I’ve got a Graylog system ingesting Palo Alto Firewall logs, including threat logs. For details on the format for PANOS 8.1, see https://docs.paloaltonetworks.com/pan-os/8-1/pan-os-admin/monitoring/use-syslog-for-monitoring/syslog-field-descriptions/threat-log-fields. The fields are basically all nicely separated by commas, making them quite easy to extract using an GROK pattern, even if it turns out to be quite elaborate. I’m running into a problem with the “URL/Filename” field, though, as it contains commas. Since the field is enclosed in double quotes, I’ve already extended the GROK pattern to use those, helping the extractor to work correctly most of the time. However, it fails on Facebook requests, which look as follows (all session data from real request replaced with random data):
“www.facebook.com/ajax/pagelet/generic.php/LitestandTailLoadPagelet?fb_dtsg_ag=TOtgPxTtsjWfXm3ZCNe-YaH3NezsvalKvVwnd45gYJRlnmf:m1QhALXrMcjLT9DdiMqW5d_Os3eJaxnxEwy7ZOMrdQPeXO&ajaxpipe=1&ajaxpipe_token=QdinG4CekTqAg6Nf&no_script_path=1&data={"“client_stories_count”":2,"“cursor”":"“N2ahp70IeQf32nZaTkgMlCLXvXQsairyrnFtPtKCyMhtJmAFt9oEPwDDgVINwHquNvP2CZqlCMN6Uli2dLw8LPQp”","“pager_config”":""{/"“section_id/”":/"“773823267077810/”",/"“stream_id/”":null,/"“section_type/”":1,/"“most_recent/”":false,/"“ranking_model/”":null,/"“query_context/”":{/"“head_request_time/”":6689969570},/”“use_new_feed/”":true,/"“sequence/”":null}"","“scroll_count”":1,"“story_id”":null,"“client_query_id”":"“2296c0bb-3f33-12a7-e900-86027803efe9"”}&__user=2331088392&__a=1&dyn=wPEGM-NJ5inuWanyRyw43mpSuBn73UN94IRS9qEyDlifBxRhJqEuiHHvUzZPGqBnjAG8g95JyLLa6KKXTe8v7WBwq1eA1714G-YwMJHBndnQajzGABNDmrz8MhY5hDDtgE9f0vSDlMictPWn5J2UeFvhA92MZCsFL_9Y68DQtamO4Sw075gw5lLnumcbL-OhbkdjFp5RUNOxYAAYeB8cvVFxsnhac9C7kC9tF10xzY4bhYejKjH6Suc3QbmEBVQlpWuYH2S9uZtfPtK-PdkZWo65jQOce6djJhzLVH7NQ1Lbn7xu17&"

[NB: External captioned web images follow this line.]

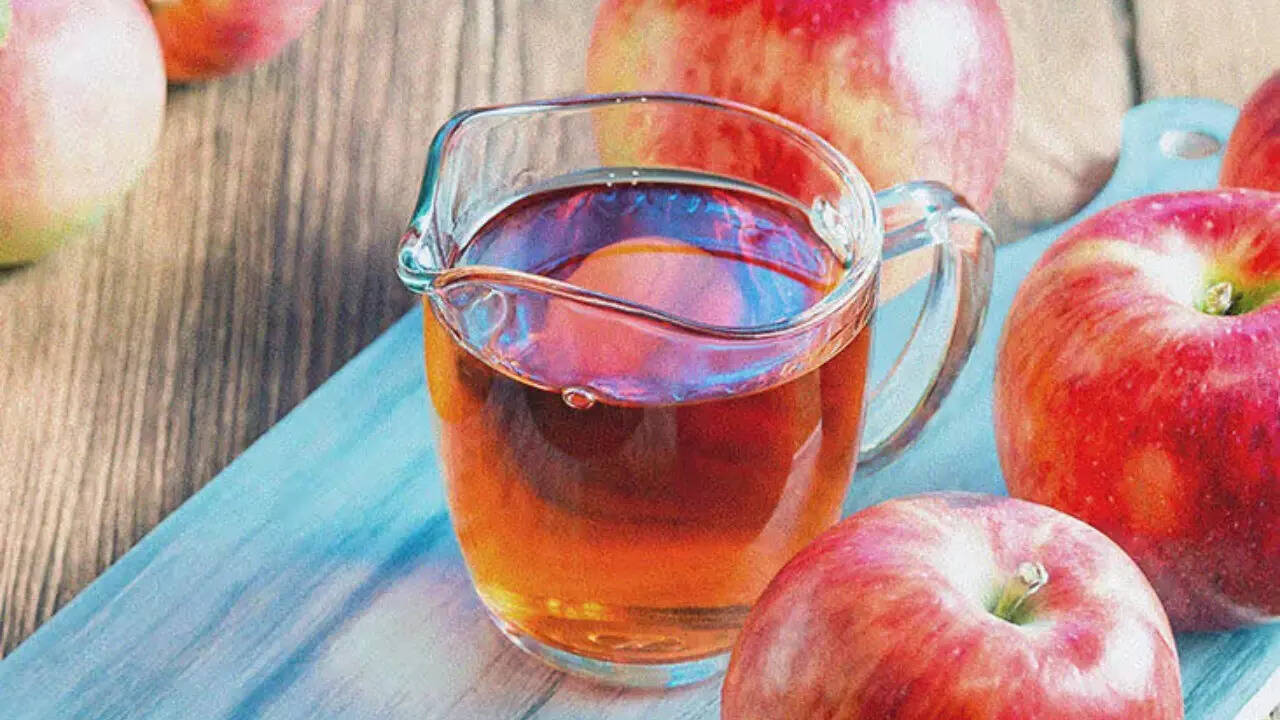 Apple cider vinegar (3)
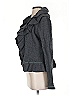 Magaschoni Gray Cardigan Size S (estimated) - photo 5
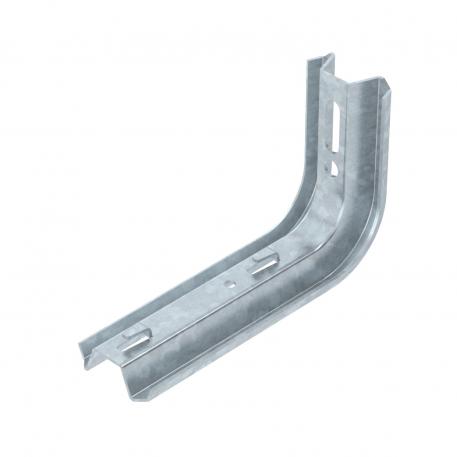 Escuadra TP para pared o perfil FT 120 | 1 | zinc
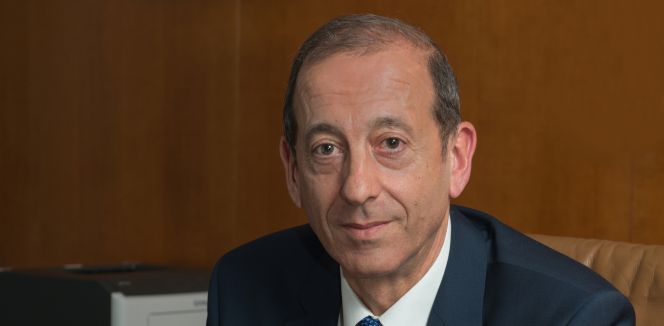 Juan Closa, nuevo consejero delegado de Seguros Catalana Occidente.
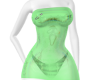 Mint Ghostface dress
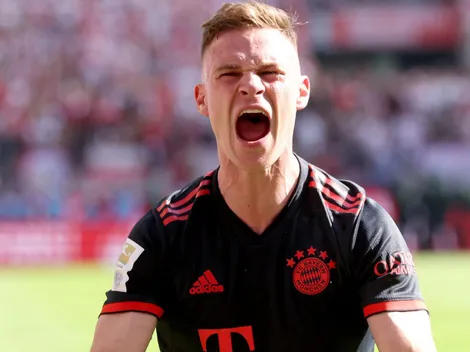 Gigante europeu abre as portas para fechada de Kimmich: “haverá negociações com o Bayern”.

My GROK pattern: ,(?:"%{DATA:pafw_url_or_filename}")?, extracts the following into pafw_url_or_filename:
www.facebook.com/ajax/pagelet/generic.php/LitestandTailLoadPagelet?fb_dtsg_ag=TOtgPxTtsjWfXm3ZCNe-YaH3NezsvalKvVwnd45gYJRlnmf:m1QhALXrMcjLT9DdiMqW5d_Os3eJaxnxEwy7ZOMrdQPeXO&ajaxpipe=1&ajaxpipe_token=QdinG4CekTqAg6Nf&no_script_path=1&data={"“client_stories_count”":2,"“cursor”":"“N2ahp70IeQf32nZaTkgMlCLXvXQsairyrnFtPtKCyMhtJmAFt9oEPwDDgVINwHquNvP2CZqlCMN6Uli2dLw8LPQp”
I.e. it (correctly) stops when it hits the character sequence ‘",’ after ‘PQp"’. I would like to have it go on until it reaches the real end of the URL. Does anyone here have an idea how to do that?
I have noticed that Palo Alto appear to use double double quotes within the URL and a single double quote character only at its end, so I’d need something like the following to define the end of the GROK pattern: “a double quote character, followed by a comma, but not preceded by a double quote character”. Or: .
Is there a way to express that in GROK?
Many thanks in advance and cheers,
Tobias
PS: Full message and extractor available on request.